# [WORK TO COMPLETE]
Please reproduce all of the data below exactly, leaving each picture out.

# [GIVEN INFORMATION]
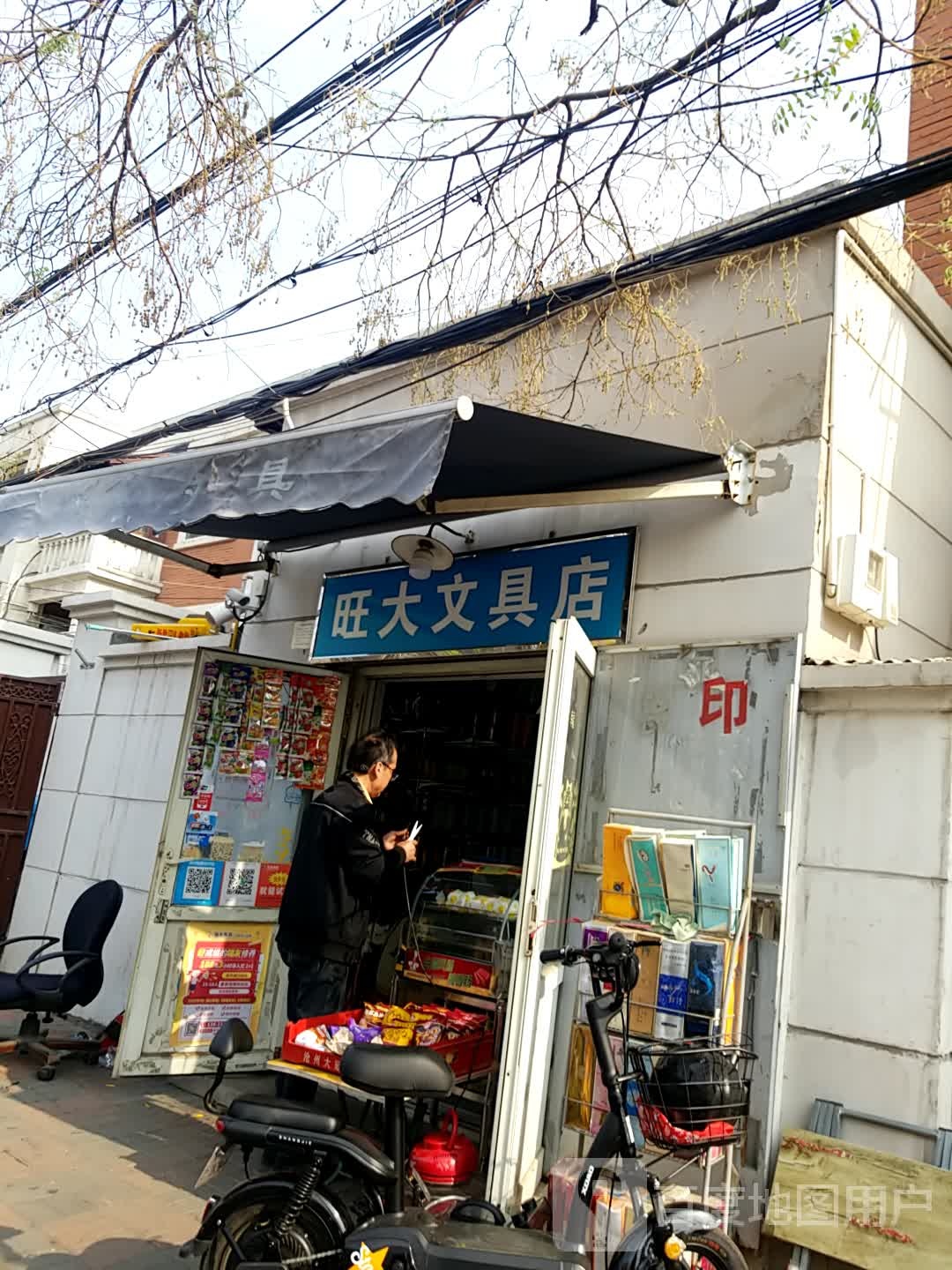 旺大文具店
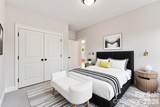 400 Brice Street - Photo 29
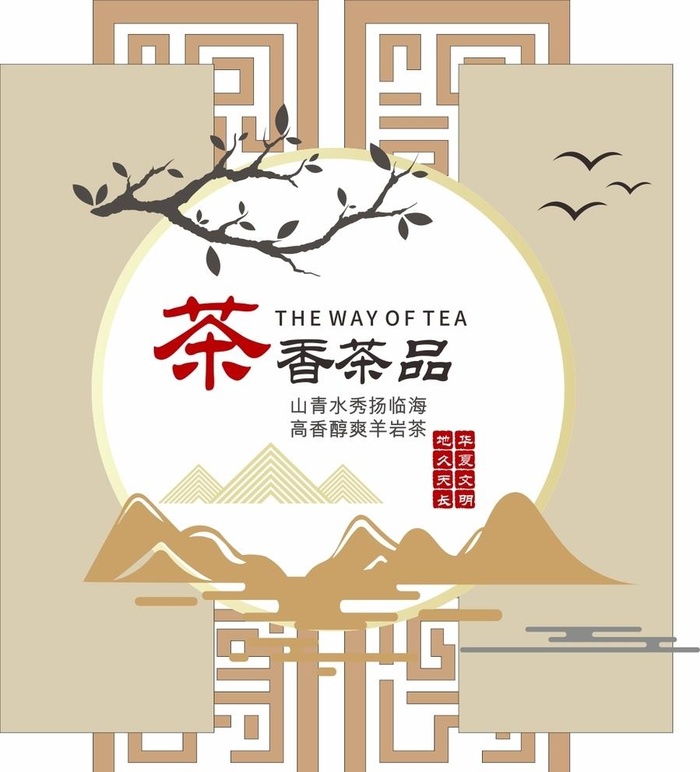 茶PVC背景墙图片cdr矢量模版下载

# [YOUR SOLUTION]
 旺大文具店
 400 Brice Street - Photo 29
 茶PVC背景墙图片cdr矢量模版下载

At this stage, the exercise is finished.